Registered service is available at 800r extra, it is only available at selected post offices, primarily the capital, provincial capitals and certain sub branches. Below features a registered cover from Takhmau to Phnom Penh with 1300r stamps for 500r under 10g domestic postage and 800r registration fee.

Below is another cover from the city of Battambang to Phnom Penh, 1350r paying the 500r domestic rate and 800r registered fee. Strange enough many post offices have stamp stock which fails to compile the exact postage for customers, the solution is just to get close to it, in this case there is a 50r surplus.

Unknown to most postal historians and philatelists, senders still pay 1300r to the postal clerk, not the face value of stamps. Sometimes post offices cheat customers but that is another story.

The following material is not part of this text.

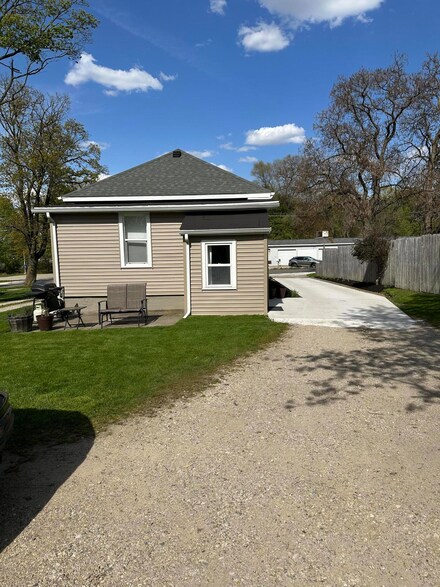 6853 Hammond Ave SE, Caledonia, MI 49316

Some post offices do not have domestic registered ID labels (analog), the substitution is S10 code registration ID labels which are originally meant for international mail. This Stung Treng to Phnom Penh cover gives an example:

According to the face value of stamps, the letter has a postage surplus as well, but the actual payment can be a different case.

Cambodia Post also offers EMS service. EMS charges at very moderate rates: letters under 25g cost 6000r, 25g to 50g is 8700r, 0.5g to 1kg is 12000r. This is the reason why local businesses prefer EMS to usual delivery which is slow and unreliable.